IIHS Driver Fatality Rate Stats

The IIHS does this every so often, e.g. see here for their report from a couple of years ago.

So, the latest is Dying in a Crash, Vol 46, No. 5, June 2011. It covers 2005-08 model year passenger vehicles during calendar years 2006-09. It also specifically only covers driver fatality rates.

The big news is that SUVs, which long have had higher death rates than passenger cars — due to the much higher rollover deaths — have become safer, due presumably to the prevalance of ESC (electronic stability control) in newer model SUVs.

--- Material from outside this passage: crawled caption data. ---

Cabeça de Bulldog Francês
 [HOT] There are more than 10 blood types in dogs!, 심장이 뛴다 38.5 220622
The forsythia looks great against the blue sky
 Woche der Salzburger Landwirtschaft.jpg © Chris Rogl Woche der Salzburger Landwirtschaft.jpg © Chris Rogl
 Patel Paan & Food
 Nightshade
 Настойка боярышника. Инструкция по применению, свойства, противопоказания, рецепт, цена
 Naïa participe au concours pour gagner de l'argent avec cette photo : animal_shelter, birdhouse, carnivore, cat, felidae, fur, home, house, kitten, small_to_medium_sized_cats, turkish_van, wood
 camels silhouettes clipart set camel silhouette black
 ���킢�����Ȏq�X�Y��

There is no accounting for attempt to account for danger imposed on others.

What the WSJ Thinks

The WSJ has been running the same editorial and op-eds for as long as there’s been a CAFE (Corporate Average Fuel Econonmy, probably 30 years old now), the same sort of opinion; which is there is this supposedly direct-line relationship between CAFE and death. Now, I don’t like CAFE as much as the next guy but there is way more to the story than the likes of Sam Kazen of the CEI and the WSJ editorial board lets on.  In today’s example: Why Your New Car Doesn’t Have a Spare Tire:Auto makers comply with fuel economy mandates by making cars lighter and more dangerous. Kazman for example fails to point out the part about how SUVs formerly (as of the last report!) were more dangerous than comparable (i.e. lighter) cars (the roll over bit); he fails to point out the most dangerous model, the Nissan 350z has the curb weight of a mid-size car(~3,500 pounds), yet is something like 3x as dangerous. In other words there is far more going on than just the weight; it has a lot to do with how, and who, is driving a particular model.

A couple of other unexplainable details: the fatality rate in the US has been crashing, breaking historical records on the low side, over the past few years — this is true even for the fatality rate per mile driven (a partial explanation for this recent trend is the slowing economy; which generally will cause fewer miles to be driven. Thus one would expect the number of fatalites to decline as a natural result, but not the rate)

see here for links to federal data 2005 – 2010; the per VMT rate has fallen some 30% in just 5 years! The VMT rate has dropped precipitously since the pre-CAFE 1970’s (it declined e.g. from 4 in 1970 to around 1 in 2010; a 75% decline), when cars were on average far heavier.

By international standards of other industrialized countries, the US, despite declines, has high fatality rates — in virtually all these countries, the cars are significantly lighter (the lightness due, presumably, to much more expensive fuel prices).